Woody Norman, who was remarkable as Jesse, the young nephew of Joaquin Phoenix’s Johnny in Mike Mills’s “C’mon, C’mon,” plays Peter, a morose little boy living with strange, severe parents Carol (Lizzy Caplan) and Mark (Antony Starr) in a small town called Holdenfield (not far from Haddonfield, one suspects, though the state isn’t mentioned—the movie was actually shot in Bulgaria). It’s the week before Halloween, and Peter’s substitute teacher Miss Devine (Cleopatra Coleman) is concerned about his being bullied by classmate Brian (Luke Busey), as well as a drawing he’s made, depicting a child shouting “Help” from the second-story window of a house. When she visits Carol and Mark to explore the situation with them, and again after their son has been expelled for pushing Brian down a flight of stairs, they respond with an indifference that’s positively hostile, and announce that they’ve decided to home-school Peter. That involves locking the kid in the basement and then explaining to his teacher that the noise he’s making is just their washing machine churning away.
We’re already aware of what’s been happening to poor Peter. He’s been bothered by noises coming from behind the wall in his bedroom, which Carol explains as the natural groans of an old house and Mark suggests could be rats—to take care of which he spreads around some poison. But the noises turn into the voice of a girl (at first Olivia Sussman, then Debra Wilson) who advises the boy about dealing with Brian’s harassment and reveals to him secrets about his parents’ past, including their possible involvement in the disappearance of a neighborhood girl some years before, which leads Peter to do some digging in their backyard garden—a pumpkin patch, though they won’t allow him to go trick or treating and, while they put up some Halloween decorations, vehemently shoo away trick-or-treaters who come to the door. It all induces Peter to do something definitive about Carol and Mark and to release the entity (Aleksandra Dragova, along with special visual effects) from confinement behind the wall, her identity and purpose now explained.
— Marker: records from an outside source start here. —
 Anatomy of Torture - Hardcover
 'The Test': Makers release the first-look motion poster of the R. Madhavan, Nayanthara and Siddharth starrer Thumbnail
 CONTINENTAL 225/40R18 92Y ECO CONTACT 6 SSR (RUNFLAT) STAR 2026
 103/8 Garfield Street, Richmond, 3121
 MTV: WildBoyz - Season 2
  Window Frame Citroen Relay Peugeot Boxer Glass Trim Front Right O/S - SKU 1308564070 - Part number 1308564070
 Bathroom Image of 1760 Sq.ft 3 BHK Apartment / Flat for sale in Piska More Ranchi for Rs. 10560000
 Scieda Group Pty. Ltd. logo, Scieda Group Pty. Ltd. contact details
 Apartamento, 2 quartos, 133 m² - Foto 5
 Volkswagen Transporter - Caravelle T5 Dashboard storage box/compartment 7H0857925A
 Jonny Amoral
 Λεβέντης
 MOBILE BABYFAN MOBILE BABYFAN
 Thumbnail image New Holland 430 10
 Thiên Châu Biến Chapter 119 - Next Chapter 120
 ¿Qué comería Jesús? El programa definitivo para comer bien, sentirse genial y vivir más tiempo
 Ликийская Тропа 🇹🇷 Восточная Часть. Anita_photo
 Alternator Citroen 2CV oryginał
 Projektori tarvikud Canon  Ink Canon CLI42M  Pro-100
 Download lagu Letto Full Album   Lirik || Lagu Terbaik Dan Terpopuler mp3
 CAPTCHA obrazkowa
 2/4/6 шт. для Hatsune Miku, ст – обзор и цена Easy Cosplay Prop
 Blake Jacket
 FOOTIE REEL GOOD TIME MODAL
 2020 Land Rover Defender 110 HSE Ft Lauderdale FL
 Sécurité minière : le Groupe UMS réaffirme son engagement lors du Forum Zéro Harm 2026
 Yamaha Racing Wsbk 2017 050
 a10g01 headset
But if the film has already begun to go off the rails, it enters full crash mode as other horror tropes are introduced. First the plot swerves into home invasion mode as Brian, on crutches, brings his older cousins, dressed in animal masks, to attack Peter and his parents, not realizing that there’s something more in the house they’ll have to deal with. Shortly afterward Miss Devine shows up again, leading one to wonder whether Coleman might be walking into something like the unfortunate situation Scatman Crothers’ Hallorran faced in “The Shining.”
One mentions Kubrick’s film because in many respects Philip Lozano’s elegant cinematography is reminiscent of John Alcott’s in that movie, though in darker hues. It’s matched by Alan Gilmore’s striking production design, which adds surrealistic touches to the house’s interior. This is an exceptionally good-looking horror film, in which the lapidary editing by Richard Riffaud and Kevin Greutert, along with the last-act effects supervised by Ivo Jivkov, add substantially to the creepy mood. So does the imaginative score by Drum & Lace (Sofia Hultquist), which builds slowly from ominous growls to a crescendo by the close.
Norman doesn’t have the opportunity to sparkle as he did for Mills, but he makes Peter a sadly sympathetic kid, and Caplan and Starr give his parents a sinister eccentricity, while Coleman is likable as the uncommonly committed teacher. “Cobweb” is another horror movie that’s commendably atmospheric but grows increasingly far-fetched as topper after topper is added to the mix. In the end the logical lapses become too much for the flimsy structure to bear, but the ride is surprisingly engaging from moment to moment.